There was always one minor mystery that nagged at me, though—why there had been such a craze for westerns during the 1950s. Hollywood produced more than 1,000 western movies during that decade.1,2
But it was the abundance of Westerns on television that puzzled me most. In 1959 alone, 30 westerns were featured in prime-time. …
Why so many westerns? I didn’t believe it was from public demand, because, as I pointed out in my post on the “Golden Age,” it has really always been agendas that have driven network programming, not “public opinion.” …
I believe the basic purpose of the westerns craze was to de-sensitize the public to killing, to weaken respect for the Sixth Commandment, “Thou Shalt Not Kill.” Killing was made laudable. Of course, in the film or TV show, the killing would be made to look justifiable. And there is no question that, in real life, weapons sometimes have to be used in self-defense. Let’s just say the westerns went way overboard. Not that there wasn’t real lawlessness in the Old West, but this made it the perfect venue for dramatization of violence.

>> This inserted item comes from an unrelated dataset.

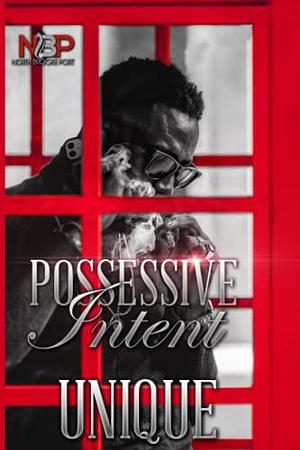 Possessive Intent: A North Brooke Port Novel by Unique, Unique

There were other genres, of course, that included killing, such as police shows, but on TV I think westerns won the body count prize.
During the sixties, westerns largely fell out of vogue. By 1969, by my count, the number had dropped from 30 to 6. Westerns had served their purpose, and the networks shifted from attacking the Sixth Commandment to the Seventh—“Thou Shalt Not Commit Adultery”—as the “new morality” of the “swinging sixties” was to be normalized for the public.